The ESR supplements the EU ETS by setting a target for emissions reductions in the non-trading sectors and by allocating individual commitments to the EU Member States (EU, 2009a, 2018b, 2020a). Neither the current ESR regulation (EU, 2018b) nor the recently proposed ESR revision to strengthen the 2030 target from 30 to 40% compared to 2005 levels (EU, 2021b) allow an accounting for negative emission via BECCS. Analogous to the lack of recognizing BECCS in the EU ETS, the fact that the ESR does not allow negative emission via BECCS to reach national reduction targets constitutes a barrier to BECCS deployment.

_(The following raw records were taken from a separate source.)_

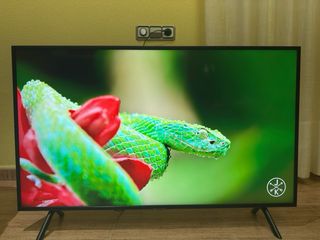 Televisor Samsung Crystal UHD RU7105 43 pulgadas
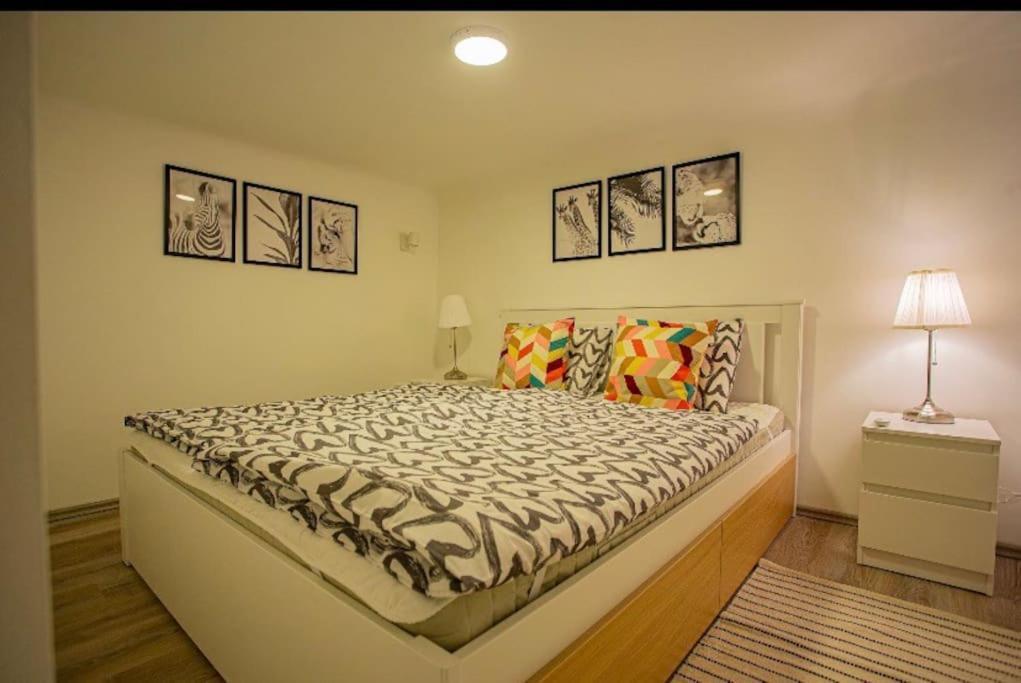 Cosy Flat In Akacfa Str., Aya Apartment Budapest Bagian luar foto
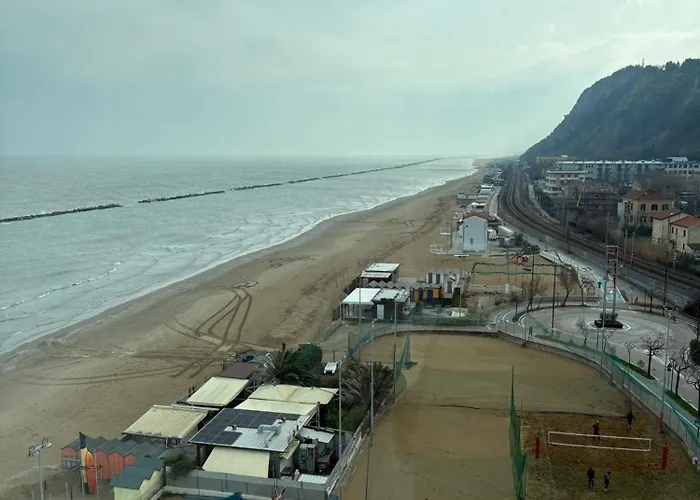 Alexander Museum Palace Hotel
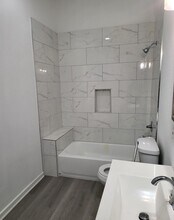 324 New Hampshire St in Houston, TX - Foto de edificio - Building Photo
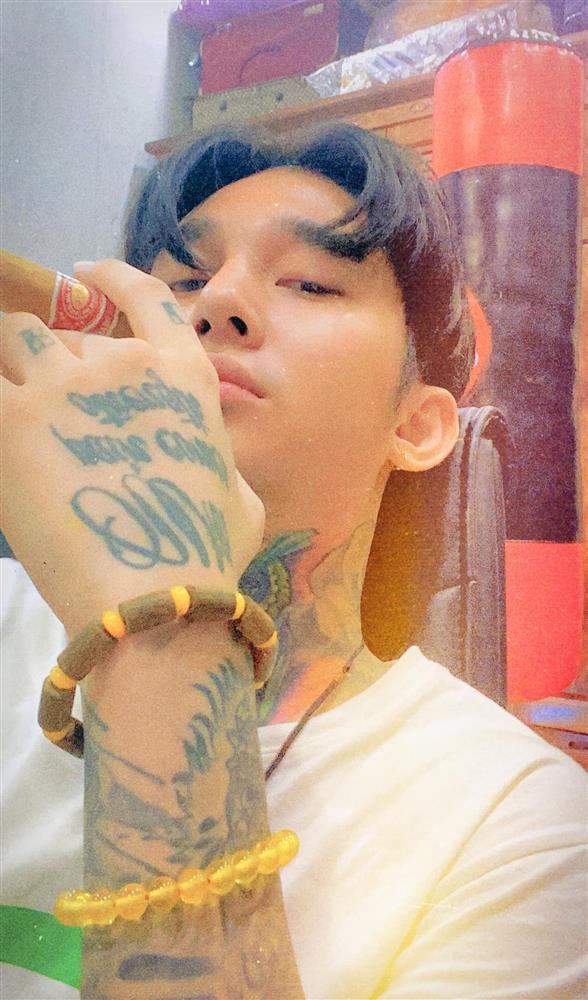 Hình xăm cơ thể Hoàng Tử Gió nhắc đến chết chóc-8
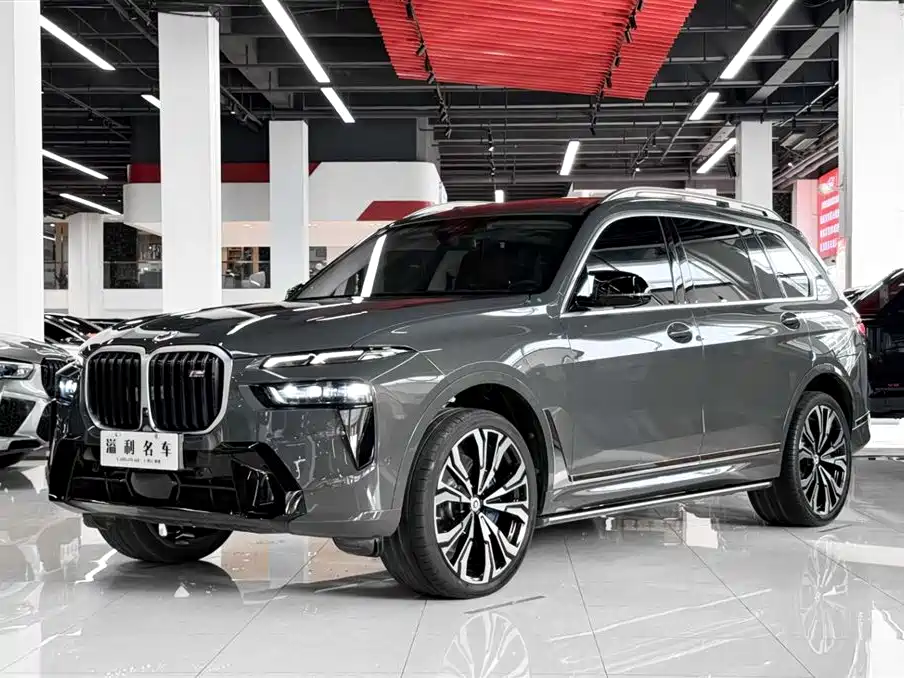 BMW X7 M60i 2023 — фото 1
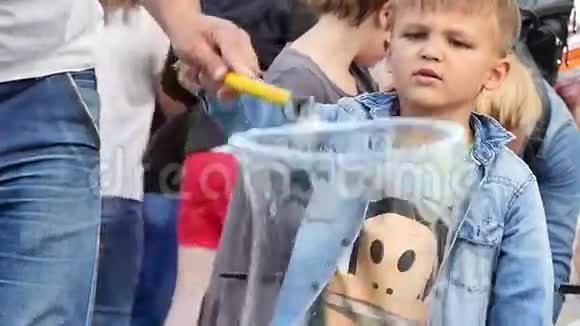 可爱的男孩吹肥皂泡视频的预览图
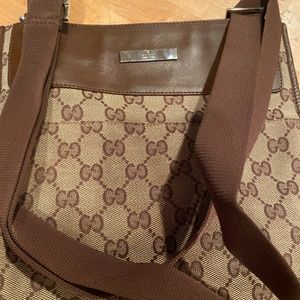 Gucci cross body / flat bag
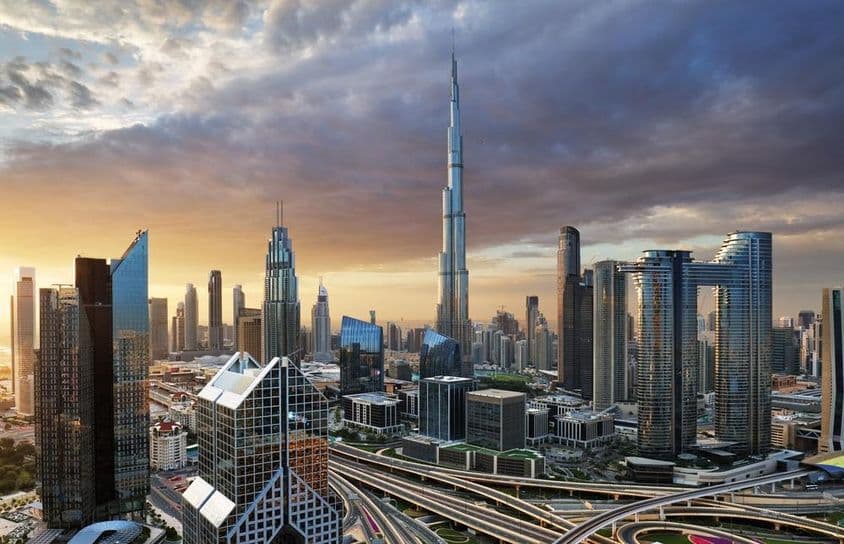 Emiratos, paisaje urbano de Dubái.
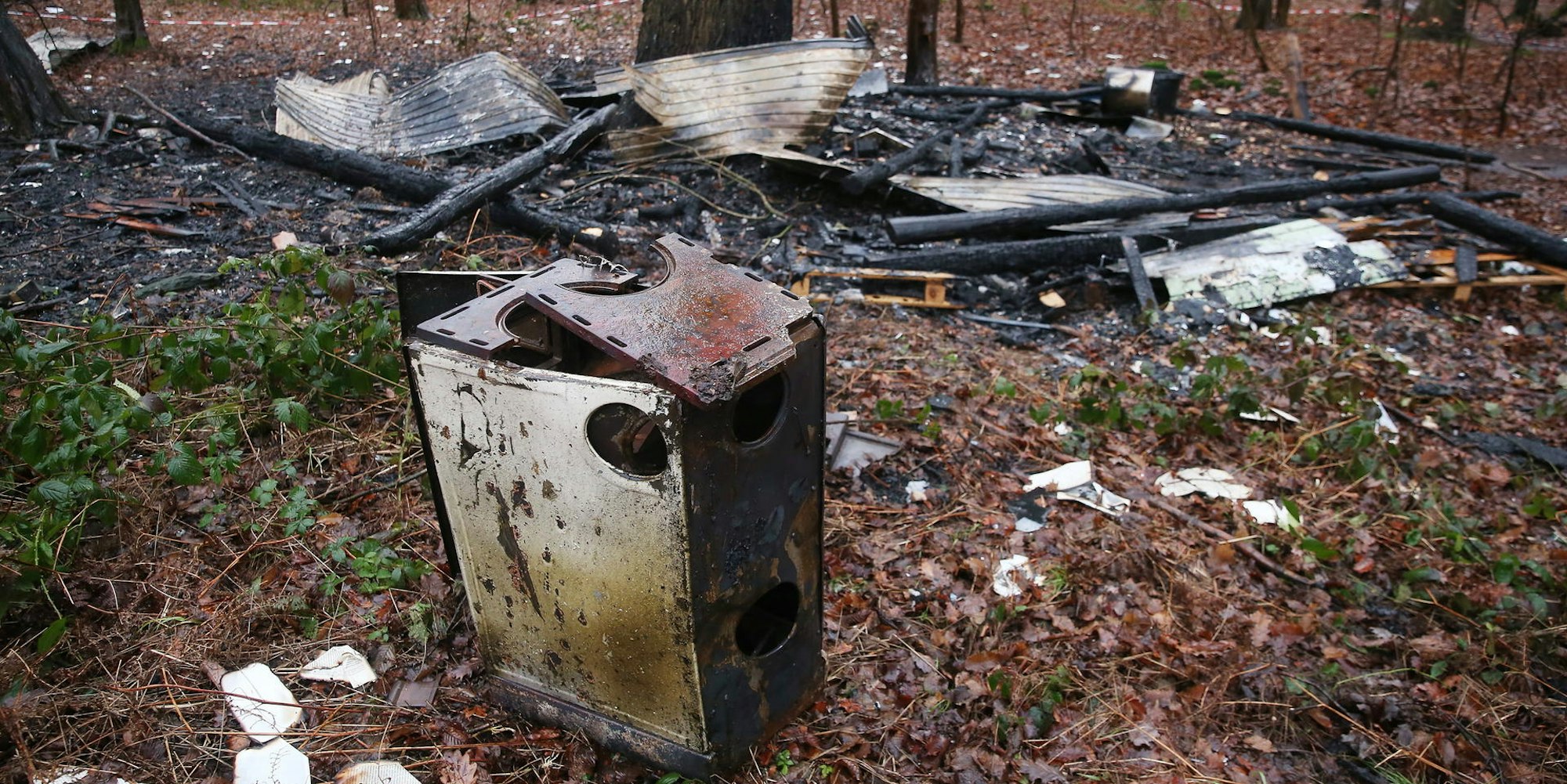 In dem abgebrannten Baumhaus stand ein Ofen.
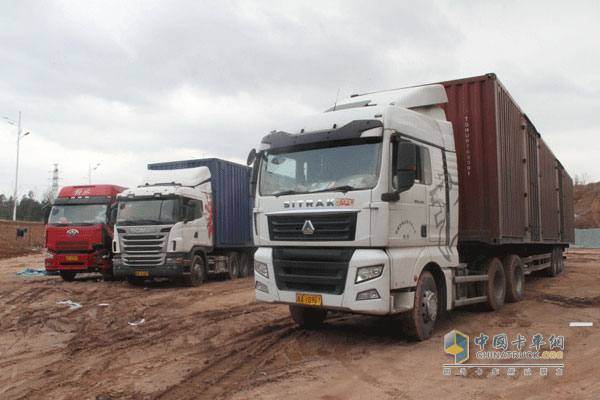 8日的早晨，同區(qū)間運(yùn)行的一輛進(jìn)口卡車前來救援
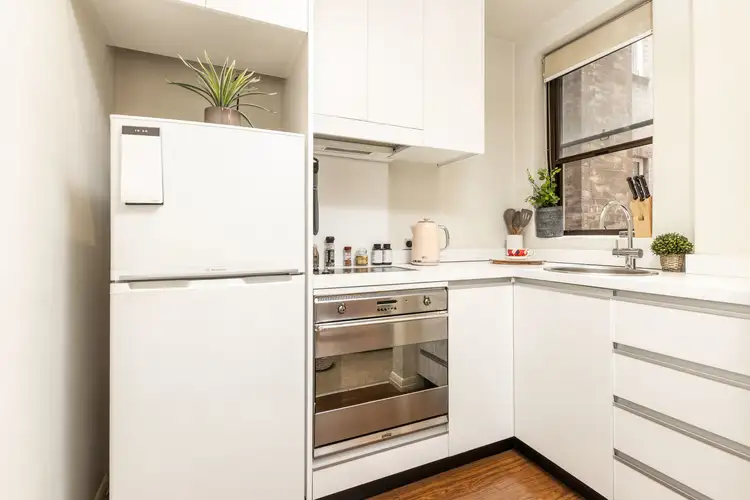 Third view of Homely studio listing, 203/10B Challis Avenue, Potts Point NSW 2011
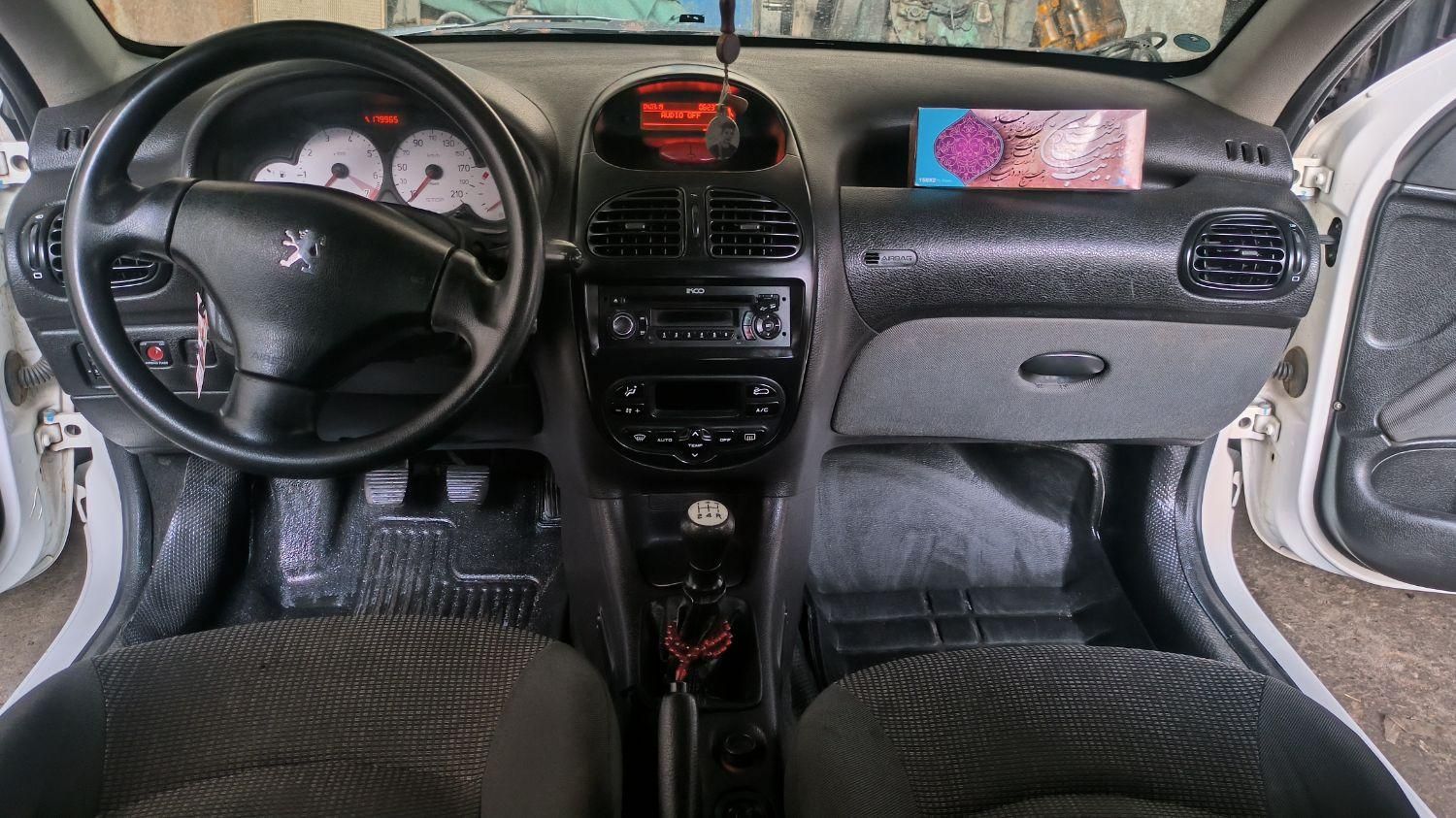پژو ۲۰۶ صندوق دار v8 - 1396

The LULUCF Regulation does in fact already recognize some forms of CDR (forest sinks and harvested wood products). It requires the EU Member States to maintain their existing LULUCF sinks (the no-debit rule), and the European Commission is proposing to further increase the volume of aggregated, obligatory removal by 2030, to expand the regulation to managed land by 2026, and to extend the regulation to all non-CO2 emissions and CDR from agriculture from 2031 onwards, including emissions from soils and from other agricultural sources, e.g., enteric fermentation, manure management, liming, and use of fertilizers (EU, 2021e). A prime focus of BECCS in many scenarios underpinning mid-century net-zero targets is to offset residual emissions in agriculture (Geden et al., 2019; Buylova et al., 2021). Thus, moving agriculture from the ESR to the LULUCF Regulation would strengthen the case for recognizing BECCS in the LULUCF Regulation. Allowing BECCS to be used to offset residual emissions from agriculture could alleviate pressure on forestry to increase the carbon sink. This could be an important service provided by BECCS because demand for wood-based products is likely to increase with an increasing need to find substitutes for fossil-intense products. While there are possible trade-offs between using biomass from forests as a fuel and generating an increasing carbon sink in forestry, the technical potential for BECCS in the pulp and paper industry as well as biofuel production is likely to continue to be high in the foreseeable future. Realizing this potential could help to achieve the no-debit obligation under the LULUCF Regulation if BECCS were to be acknowledged in this sector. However, this would require the use of sustainably sourced biomass in BECCS facilities or else the climate benefit of BECCS would be undermined. At the same time, it should be noted that the BECCS supply chain spans several sectors, including the energy and industrial sectors. Thus, deciding to recognize BECCS under the LULUCF Regulation is not straightforward. If BECCS is included in the LULUCF Regulation, this may raise questions about consequential amendments regarding the existing flexibility between LULUCF and ESR and may require an evaluation of the need to adopt new flexibility between the LULUCF Regulation and the EU ETS.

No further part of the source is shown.